Word for word, copy the lines from the one with "4th image of 831 W Nickerson St APT 18" to the last line of the data below, counting both, and keep every picture out.

Content starts

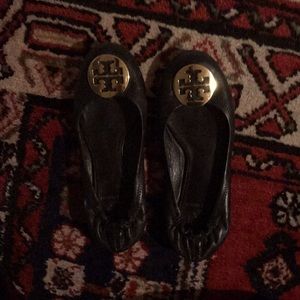Tory Burch Black And Gold Leather Flats
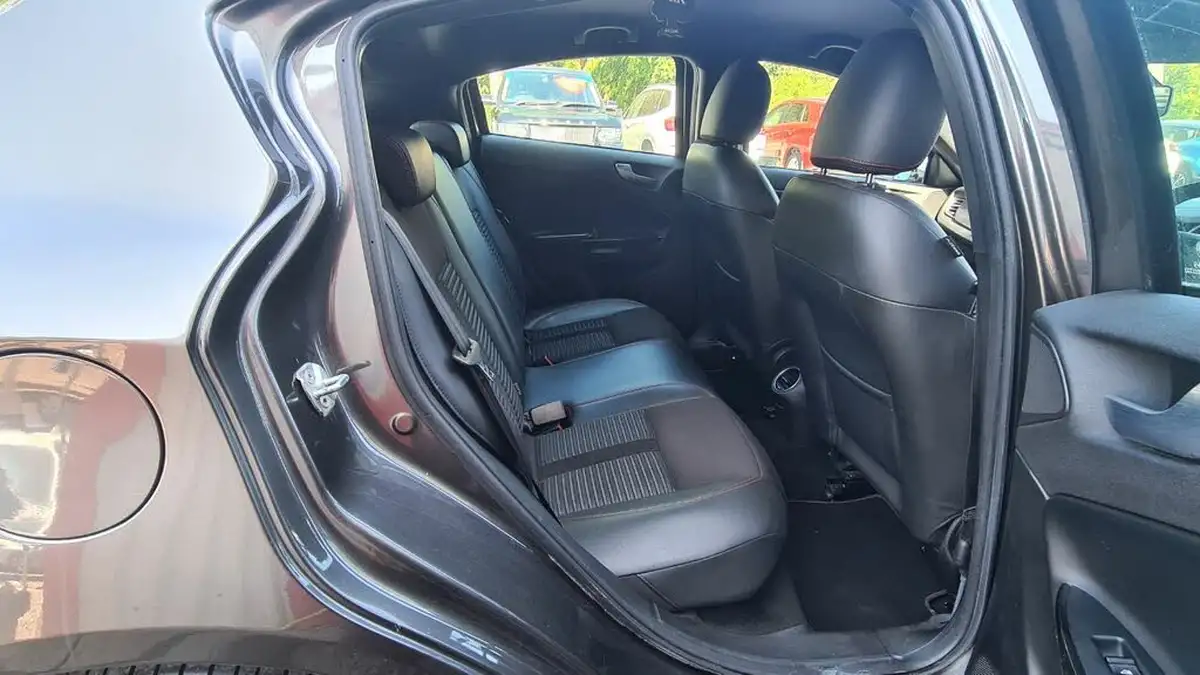 2011-alfa-romeo-giulietta-14-veloce-multiair-170bhp-big-15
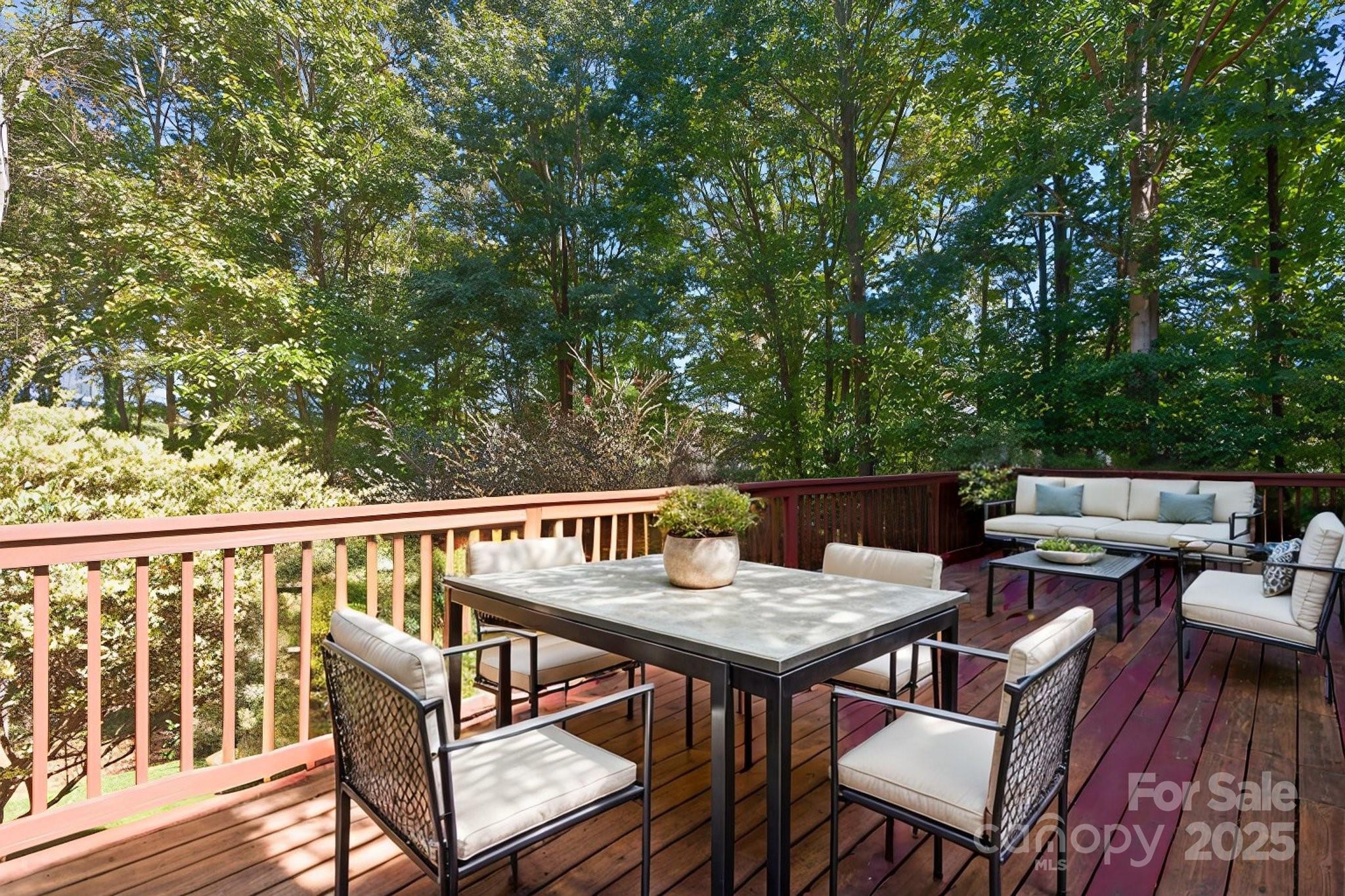 128 Archbell Point Lane Property Photo 6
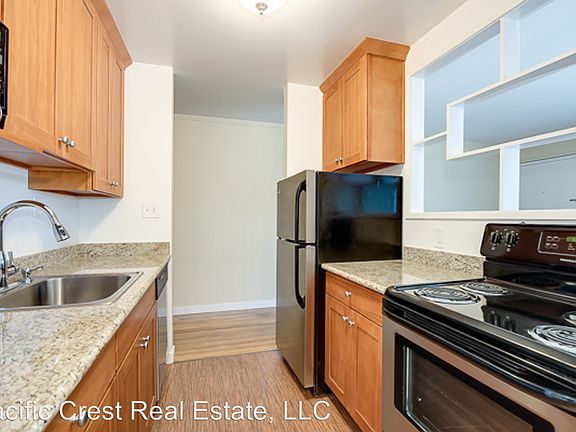 4th image of 831 W Nickerson St APT 18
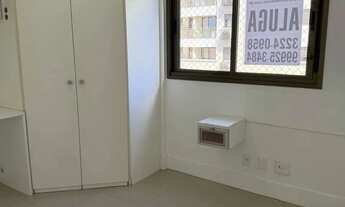 Imagem 15: Apto 03 dormitórios sendo 01 suíte com armário embutido, split e sacada, bwc suíte complet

Content ends

# Exercise output
 4th image of 831 W Nickerson St APT 18
 Imagem 15: Apto 03 dormitórios sendo 01 suíte com armário embutido, split e sacada, bwc suíte complet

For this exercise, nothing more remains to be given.